从调查报告成果,可以明显看到2005年美国加州法院的受众信任调查存在两个阶段,拥有共同的主题是“对加利福尼亚法庭的信任与信心”。第一阶段是外部视角,在普通受众与专业人员律师之间进行调查;第二阶段是内部视角,从法庭管理者或者司法官员的角度看法庭收获的信任。为了测评受众对该州司法的信任状况,调查研究进行了变量控制与操作,在评估项目中不仅纵向区分了普通受众和专业律师,还横向考量了被试的法院经历、个体差异及其他因素。同时,还在律师与普通受众之间寻找相似性与差异。在评价方式上,既有整体评价又有部分评价,而且先部分评价,后整体评价。2005年的调查主要是在1992年的基础之上进行的,总体评价就有了纵向的对象或者参照,所得的评价有:受众对法院信心不断增长;律师对法院的评价更为积极;相比律师,普通受众越来越关注司法过程;基层法院是整个法院系统中获得评价最多的单元。部分评价主要有“信息公开”“参与法庭审判经历”“诉讼障碍”“程序与结果公正”“对法院的评价与期待”等几个方面。在方法上主要采用问卷调查,既有抽样调查,又有随机的电话调查,问卷设计是由美国加州司法委员会法院管理局和旧金山大学公共研究所、美国法院管理中心顾问以及加州律师代表等人员共同讨论完成的。确定问卷内容之后,旧金山大学公共研究所负责开展本次问卷调查,向加州普通受众共发放2 400份问卷,从3 500名律师中随机挑选了500名律师以电子邮件和电话方式发放问卷,共收回2 414份有效问卷。在分类整理的基础上,旧金山大学公共研究所形成了一份具有实质内容的调查分析报告,并将所有的调查数据提交给加州司法委员会法院管理办公室。(www.xing528.com)

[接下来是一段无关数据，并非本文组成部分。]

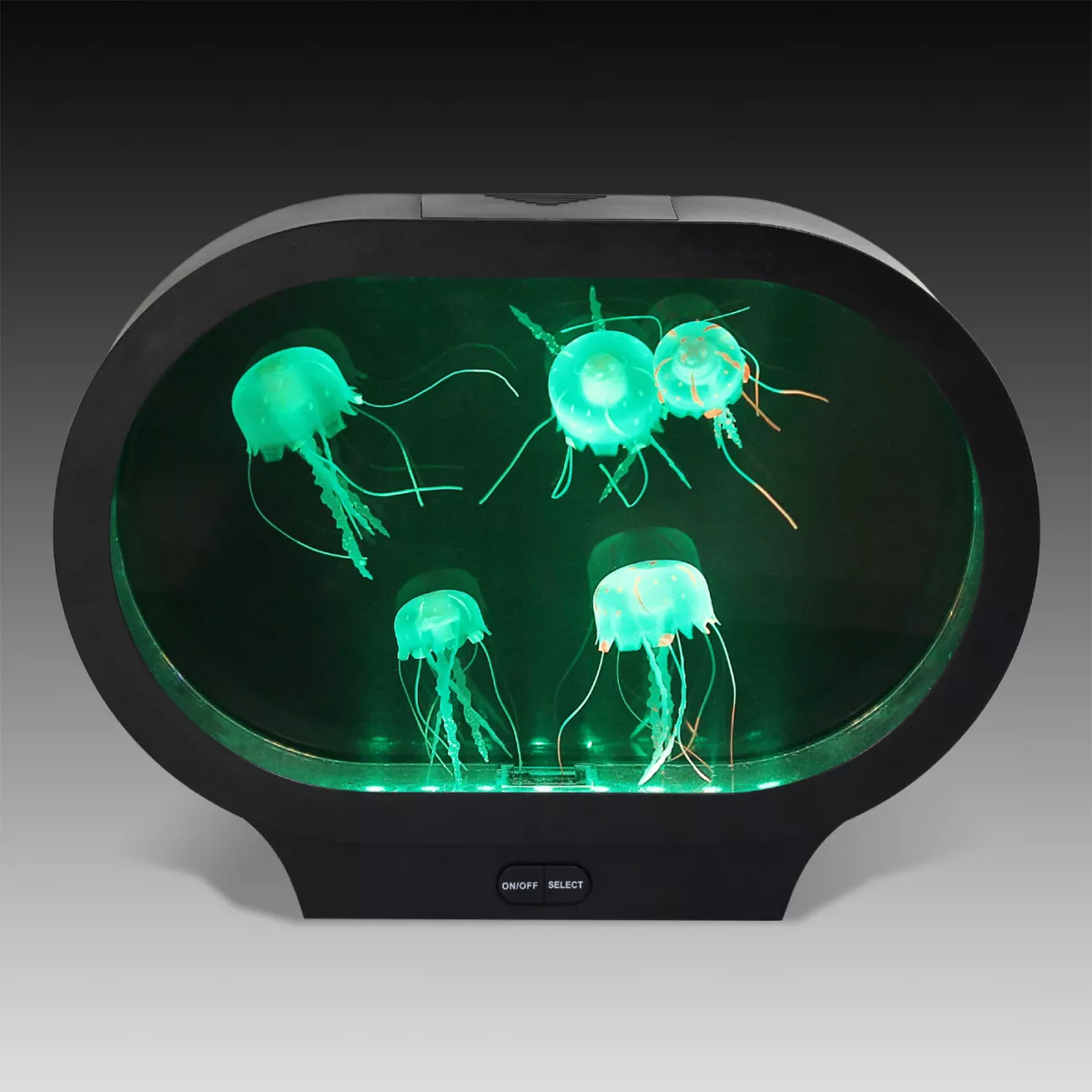 Lampă acvariu cu 5 meduze și iluminare LED (formă ovală)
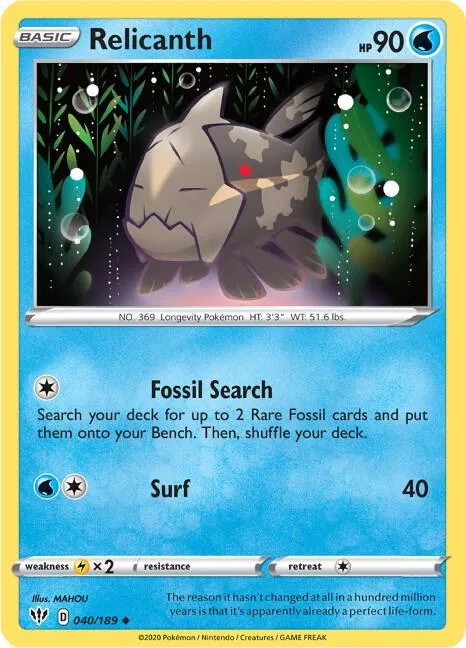 Relicanth #040/189 Pokémon card from Darkness Ablaze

相比之下,我国法院系统所进行的绩效考核,一般会选取结案率、上诉率、调解率等相对客观的裁判方面作为测评依据,主要针对直接工作机制进行考核与管理。美国加州法院的公信力调查是将受众作为法院工作评价的尺度之一,从社会效果上督促法院改善工作绩效,不仅问卷指标设计听取法官、律师和法学家的建议,而且评估也完全委托给第三方来完成。这是否说明美国法院与受众的沟通不是绩效考核的内容?其实不然,如2006年美国一家法庭管理机构推出了法庭行政发展规划的第三阶段工程,针对第二司法管辖区那瓦达的沃肖县法院审判庭的绩效标准做了评估。[9]绩效标准的制定与提议是参考了美国加州法院所进行的公信力调查的结果。调查研究为州法院未来走向[10]提供了一手材料,围绕调查研究的讨论反过来又为法院进行绩效考核提供了参考与建议。在确立沃肖县审判法院绩效标准之前,州法院国家中心(National Center for State Courts,NCSC)就曾为州法院开发提供可测量的绩效评估标准,经对过往“绩效标准”梳理,确定了新的考核标准,其中最重要的变化就是将受众评价纳入考核的内容,并形成相对独立的考核单元。

回过头来看本节的假设——美国加州法院测评受众对法院是否有信任与信心。首先它以受众为角度展开的,断定其为一种外部评价并非没有道理。但是,我们必须清醒地看到这种外部评价其中也蕴涵着“恰当处理法院与受众关系”的思维结构,只不过它是以受众角度展现的。因为每次调查研究之后,加州法院都会有相应的绩效考核、管理的改进。以此为参照,我们可以审视当前我们国家在法院绩效考核之上发展出来的综合测评是否也是含有这种思维结构,只有这种结构的存在,法院信用的增加才能与受众信任相沟通,才能形成正向推动,直观地表现“力”的趋势。至此,我们真正理解,为何美国加州法院对受众信任度的测评在字面上并没有使用“power”“force”等描述“力”的词汇,找不到与司法公信力对应的词汇,原因在于“恰当处理法院与受众关系”的思维结构比直接描述“力”更为科学与实用。也就是说,加州法院调查只是展现了一个方面,对“恰当处理法院与受众关系”的深层揭示,仅借助问卷调查或深度访谈仍有不足之处,这就引申出社会心理学关注。比如,“程序正义”所吸引并集中的社会心理学研究,[11]以及以法院与受众关系为视角的“法官裁判之道”[12]等对法院和受众两方面的契合。